A potential performance issue is that dynamic statements must be bound to the database during a prepare similar to the way static statements are bound. During the bind process, statements are validated, object definitions and statistics are accessed in the DB2 system catalog, the access paths are determined with the optimal path chosen, and the run-time structures are created and stored.
This process can be quite expensive, especially for more complicated statements. In some transaction environments, the prepare represents about 90 percent of the transaction CPU cost. The dynamic statement cache is used to retain the output from the bind process across executions so it can be reused, avoiding the bind overhead. If an incoming statement matches the authorization id and SQL text (byte for byte including spaces), and the object structures and catalog statistics have remained unchanged, then the run-time structures are reused and the prepare avoids the statement bind process. This can dramatically improve performance of some dynamic statements.
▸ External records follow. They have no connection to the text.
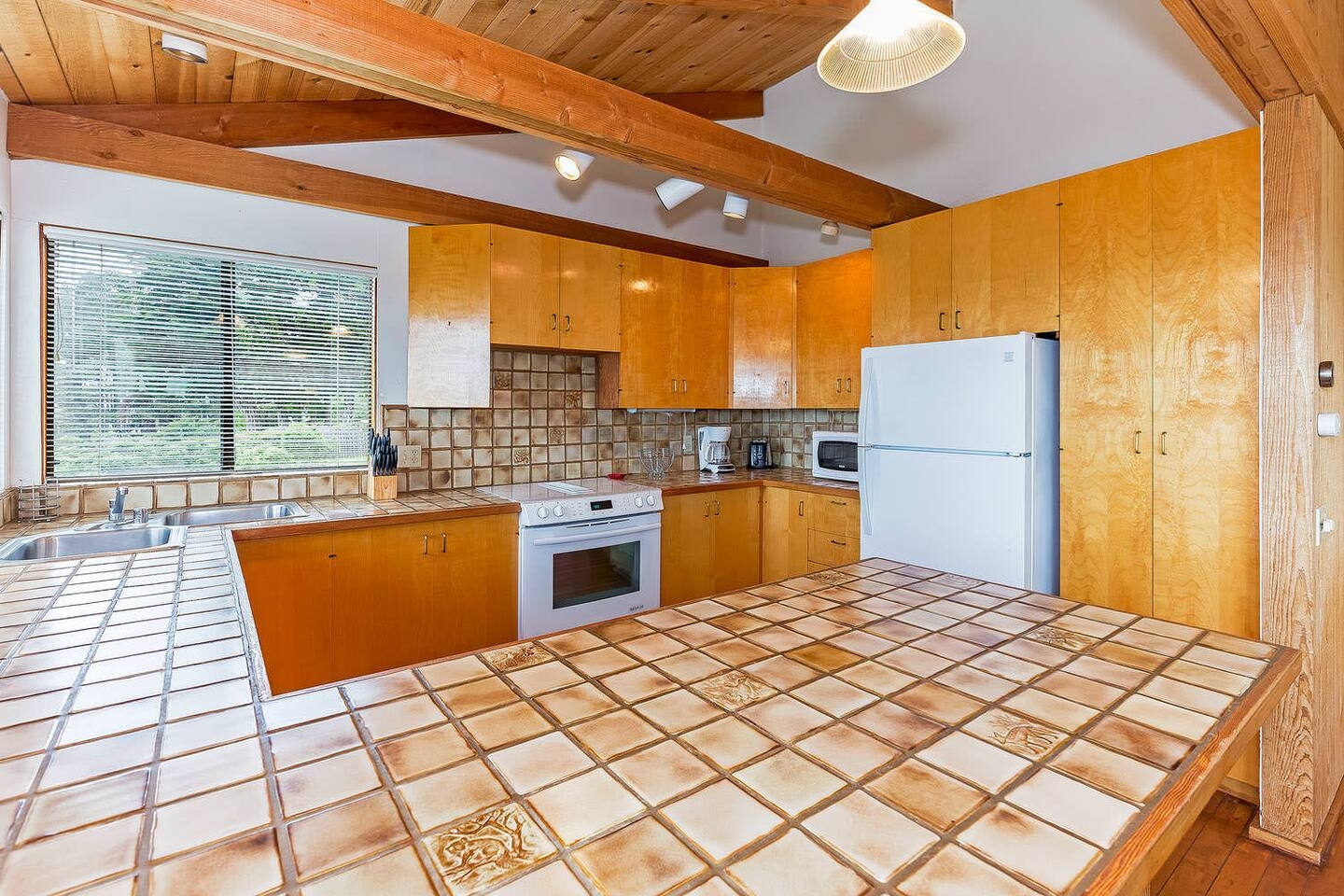 Rustic wood-beam kitchen with large tiled island and bright natural light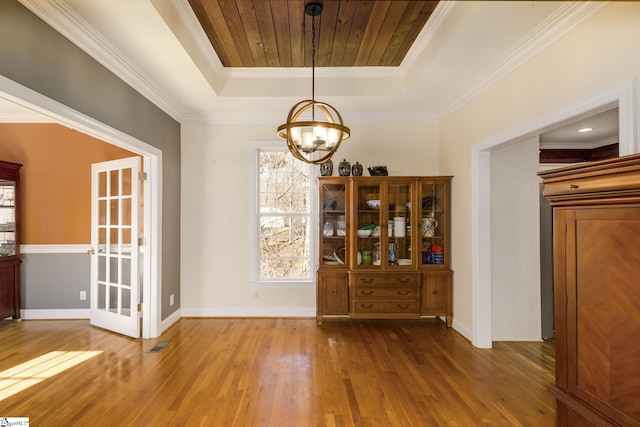 unfurnished dining area with ornamental molding, hardwood / wood-style floors, an inviting chandelier, and a tray ceiling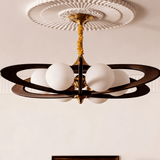 White opal globes lit close, the dark rings crossing behind them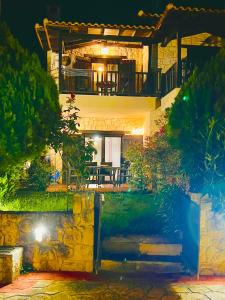 a house with a balcony with a table and chairs at Afytos house in Afitos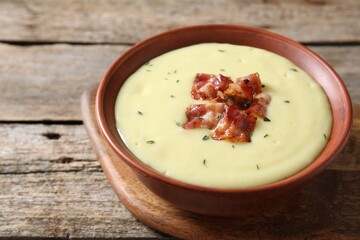 Tasty potato soup with bacon and rosemary in bowl on wooden table, closeup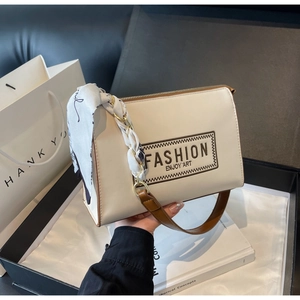 Detail of cream shoulder bag with brown strap, silk scarf and metal chain decoration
Leveraging the Dynamic Statement Cache
Only certain statements can take advantage of the dynamic statement cache, and these are statements normally associated with transactions—statements that execute often and repetitively. For a statement to match in the statement cache, it must match an existing statement, byte for byte, for the given authorization id. If any part of the statement doesn’t match, then the statement must go through the expensive bind process.
It’s important to code SQL statements so they have a better chance of matching in the cache. The main way is to use parameter markers for variables in the statement. If you use embedded literals, and those literal values change across statement executions, then there’ll be little or no matching. Also, you should use constants for authorization ids. A statement can only match in the cache for the same authorization id. So, you should use a three-tier architecture with connection pooling and fixed authorization ids to increase the matching in the statement cache.
Remember that the cost of matching isn’t free, but it’s not high, especially relative to the cost of the prepare/bind process. If most of the statements executed aren’t properly matching, then it’s better to turn off the statement cache. Statement cache matching overhead can represent about 10 percent of the CPU consumed per statement.
Tuning Dynamic Statements
Traditionally, application programs were written using static embedded SQL. Many modern programming languages and application development methodologies today use dynamic SQL. With dynamic SQL, it’s an ongoing challenge to predict performance and find tuning opportunities. This was always relatively easy to do with static SQL because the access path was determined during statement compile time (the bind process) and before the statement even executed. With dynamic SQL, a DBA or other tuning expert often doesn’t see the statement until it’s already executing. Unless you run specific performance traces, you usually can’t see the statements coming from a remote dynamic application.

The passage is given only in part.